If we insist on a single master DB, we forfeit partition tolerance. Brewer's theorem does not mention this explicitly, but for databases to be really large we want to be able to distribute them.

A classic distributed database forfeits availability: if the link between nodes goes down, the database is unavailable to anyone, even those able to access one of the nodes.

Consider DNS as a big database: we do not have consistency.

One solution is eventual consistency: when connectivity returns, we resolve conflicting transactions. DNS does have eventual consistency. The problem case, of course, is when two transactions involve updates to the same item. Note that for the Facebook wall example above, there aren't really any conflicting transactions (unless you count this: A posts, B comments on A's post, A deletes his/her post without seeing B's. But this happens all the time even when the data is consistent: A posts, B comments, A deletes without refreshing the page).

The worst situation is when Amazon has one book left, and two people have just bought it. We can guarantee this won't happen with a central database (or even a separate central database for each of several disjoint sets of products, eg DB[N] is for all items where SKU mod 137 = N). But eventual consistency is not good here: it leads to scenarios where the last copy is sold twice.

Note, however, that while eventual consistency may not be good here, it may in fact be good enough. What should Amazon do if the last copy is sold twice? They can just tell one of the buyers that, too bad, the item they ordered turned out to be out of stock. This happens often enough anyway, due to discrepancies between the online inventory and the physical inventory.

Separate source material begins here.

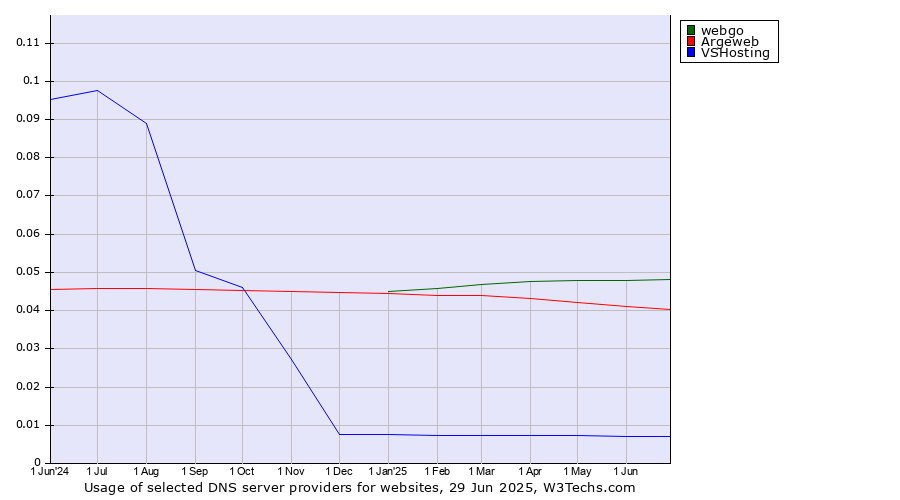 Historical trends in the usage of webgo vs. Argeweb vs. VSHosting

In other words, eventual consistency may not be ideal, but it may be a workable arrangement.

Formally, eventual consistency means that if no new updates occur, then eventually all accesses will return the last-updated value, or the winner of the conflicting-update resolution. DNS does this.

Denormalization

Aside from the CAP theorem, there are other problems with RDBMSs. Joins, for one. Joining two big tables can be expensive. The advantage of joins is traditionally that the underlying database is protected from anomalies. But suppose we eliminate those through careful front-end programming? (As an example, suppose we move the constraint that SSN is a key of the EMPLOYEE table out of MySQL and into our PHP front end. It would be straightforward to implement.)

For as long as RDBMSs have been around, DB managers have engaged in occasional "denormalization" to avoid a particular join for performance reasons. One example might be a TOTAL field in the INVOICE table: the total for a specific invoice_num is calculated by finding all items ordered, as listed in INVITEMS:
select sum(quantity*price) from INVITEM ii where ii.invnum = invoice_num;
This is a relatively expensive join and search! Storing a TOTAL field in the INVOICE table introduces a potential inconsistency, but it is also rather common practice for performance reasons.

EN6 gives a denormalization example on pp 731-732. Consider a view ASSIGN:
⟨emp_id, project_id, emp_lname, percent_assigned, proj_name, proj_mgr_id, proj_mgr_name⟩

This is a complex join, even after replacing percentages with project_hours and total_hours:

select e.ssn, p.pnumber, e.lname, w.hours, sum(w2.hours), p.pname, d.mgr_ssn, m.lname
from employee e, employee m, project p, works_on w, works_on w2, department d
where e.ssn = w.essn and p.pnumber = w.pno and e.ssn = w2.essn and p.dnum = d.dnumber and d.mgr_ssn = m.ssn
group by e.ssn;

Sometimes materialized views are used for this. Note that this amounts to a denormalized table, though it is now one that the DBMS is responsible for keeping synchronized.

select e.ssn, p.pnumber, e.lname, w.hours, (select sum(w2.hours) from works_on w2 where w2.essn = e.ssn) as total, p.pname, d.mgr_ssn, m.lname
from employee e, employee m, project p, works_on w, department d
where e.ssn = w.essn and p.pnumber = w.pno and p.dnum = d.dnumber and d.mgr_ssn = m.ssn
group by e.ssn;

Big Data Models

Often these models are not only NoSQL but are "schema free", usually meaning that they store ⟨key,value⟩ pairs where the value can be some structured data, sometimes in JavaScript Object Notation, below (note the hierarchical subtyping and the support for list structures).

{ "ssn"     : "123456789",
"name"    : { "fname" : "John", "lname" : "Smith" },
"bdate"   : "1965-01-09",
"address" : {"street": "731 Fondren", "city" : "Houston", "state" : "TX" },
"salary" : 30000,
"dno"     : 5,
"projects": [ {"pno" : "3", "hours" : 30 }, {"pno" : "20", "hours": 10 } ]
}

The main point is that for a given key the rest of the data can be any type; that is, we in effect have a map of key strings to Object.

Examples:

BigTable: a Google internal product. Tables can be subdivided (and then distributed).

Hadoop: a public Apache project. The framework is typically used to implement distributed filesystems, or other large projects with a high degree of distributedness.

Cassandra: also an Apache project. Cassandra is specifically a database intended to handle very large amounts of data spread over a large number of servers. The data model was taken from BigTable. A given key can map to multiple columns, often grouped into column families. Column families are in effect declared through a database schema, but the actual columns within families are not. Until 2010, the Facebook messaging system used Cassandra; it then moved to HBase.

Hbase: another Apache database with close ties to the Hadoop framework.

MongoDB: A "document-centric" database using JSON-like syntax (above). But field names do exist (even if they are now dynamic). Searches can be done on any field, and indexes can be created. Data distribution is again a major goal; Mongo also includes load-balancing features.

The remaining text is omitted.